Matières premières : des “3D” aux “3R”

Ces dernières années auront été marquées dans les pays émergents par la triptyque Déflation – Divergence – Deleveraging. La baisse du prix des matières premières a contribué à accentuer les pressions déflationnistes sur les économies émergentes. La divergence entre le ralentissement de l’activité et la reprise de l’économie américaine a favorisé une appréciation du dollar américain d’où un regain du coût de financement pour les pays émergents, dont une partie de la dette externe est libellée en dollar. Les entreprises ont ainsi été conduites à deleverager – se désendetter – d’où de moindres investissements et une demande moins forte pour les matières premières. 

Début 2016, les 3R se seraient substitués aux 3D : Reflation – Réalignement – Releveraging. La reprise des prix des matières premières (reflation), les craintes sur les risques de récession aux Etats-Unis ont conduit à une moindre divergence entre les économies (réalignement) et une forte reprise du crédit en Chine (releveraging).

Cette transition des 3D aux 3R ne semble pas durable car elle supposerait que la hausse du prix des matières premières se maintienne. (1) La baisse de la production de baril de pétrole n’est pas suffisante pour affecter durablement les prix. (2) Les stocks aux Etats-Unis restent à des niveaux très élevés. (3) La hausse supérieure de 30 % du prix du baril de brent ces dernières semaines serait davantage soutenue par une baisse de l’offre que par une hausse de la demande. Or, l’offre n’étant pas inférieure à la demande, de nouvelles pressions haussières semblent exclues. (4) La croissance chinoise reste soutenue par un excès de crédit qui s’est accentué en janvier. Pour favoriser la transition vers plus de consommation privée, le gouvernement chinois cherche à réduire le stock de biens immobiliers disponibles en assouplissant les conditions financières, ce qui alimenterait une hausse du prix de l’immobilier, génératrice d’effet richesse et donc de confiance des consommateurs. Cependant, la demande chinoise en matières premières n’a pas durablement, ni significativement, augmentée.

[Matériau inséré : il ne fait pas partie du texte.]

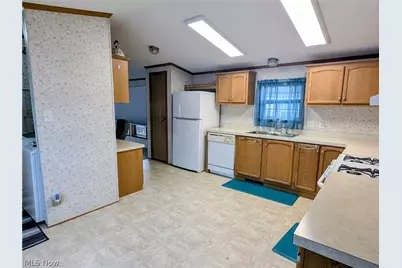 592 Sandtrap Circle, Painesville, OH 44077 - Photo 17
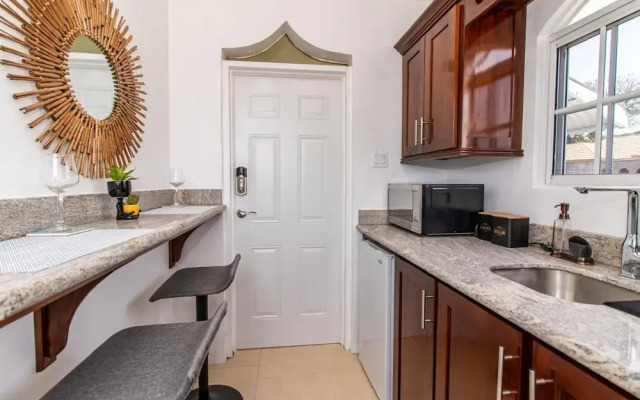 Runaway Bay Gem Suite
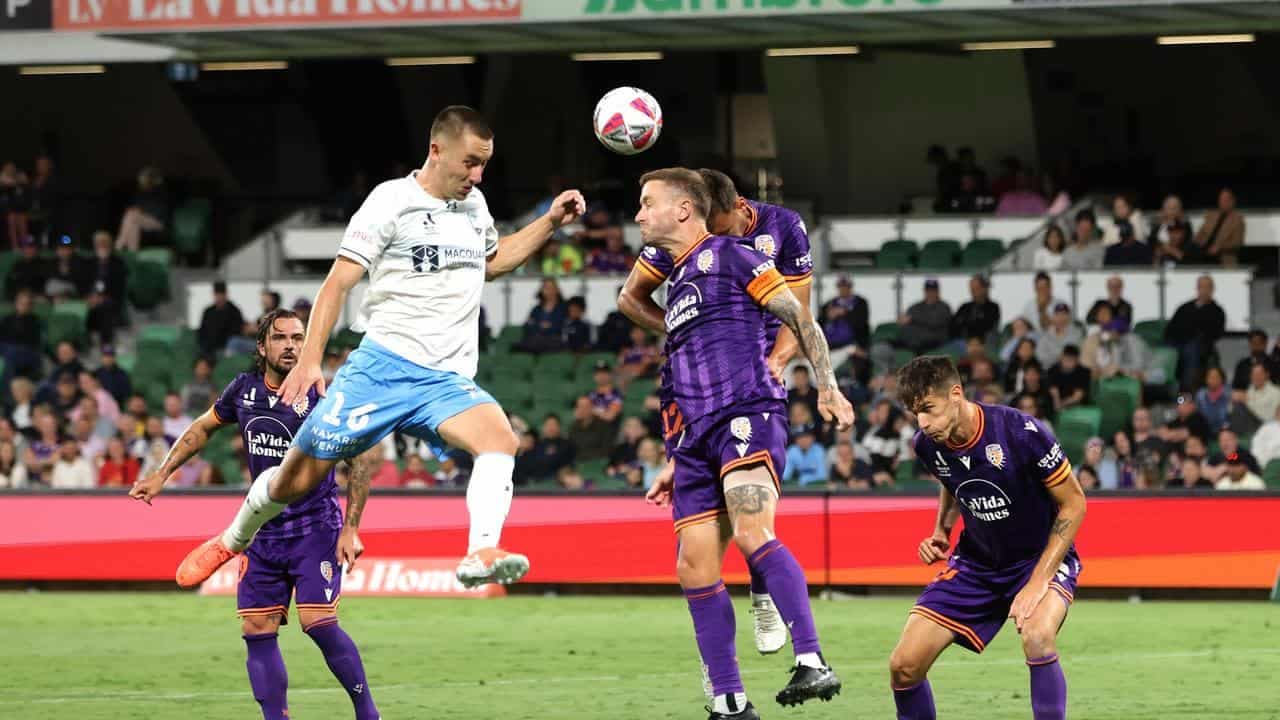 Sydney FC can’t land a blow in ALM stalemate at Glory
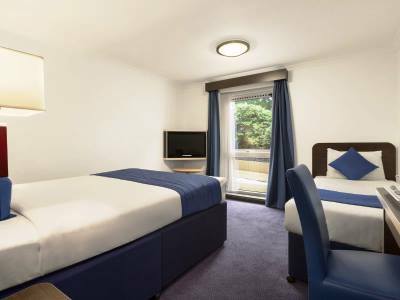 Ramada Oxford 4* Waterstock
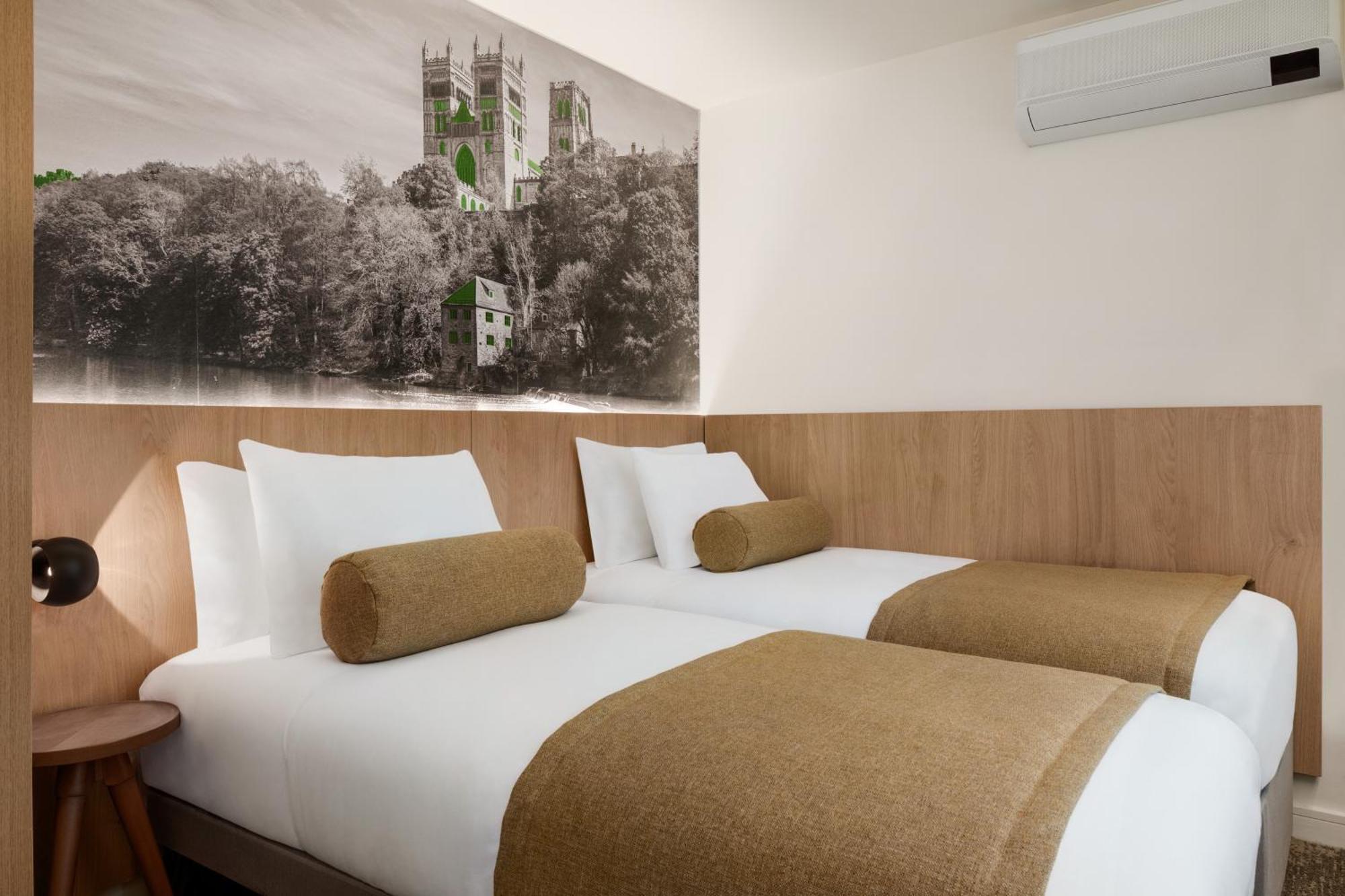 Super 8 By Wyndham Durham Hotel Eksteriør billede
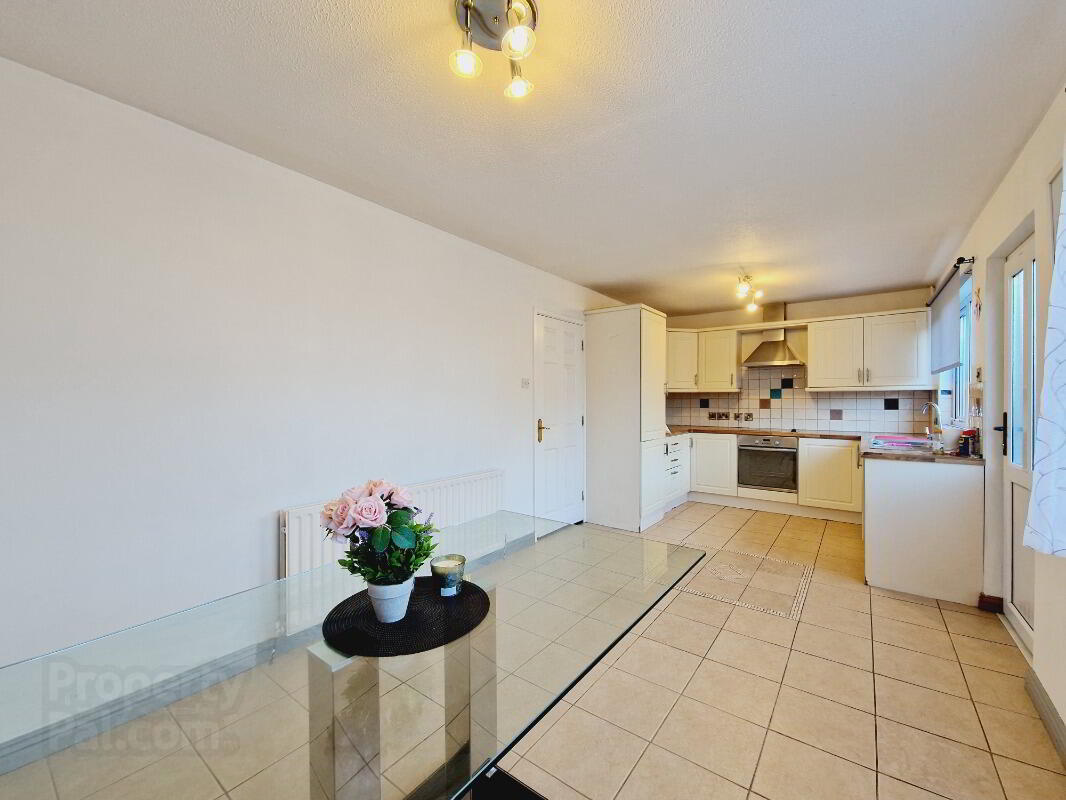 31 Summerfield Court 6 of 14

Cette transition des 3D aux 3R ne semble pas plus soutenable si nous observons les fondamentaux macroéconomiques. La divergence avec les Etats-Unis persiste : le marché du travail américain est performant, les prix immobiliers augmentent durablement, la consommation soutient l’activité et l’inflation a déjà atteint la cible de fin d’année de la FED. Seul un ralentissement du secteur manufacturier peut alimenter l’argument d’une moindre divergence. L’incertitude actuelle devrait se corriger et contenir la pression haussière sur le prix de l’or. Il y a bien reflation du prix des matières premières, mais aucun réalignement n’est observé.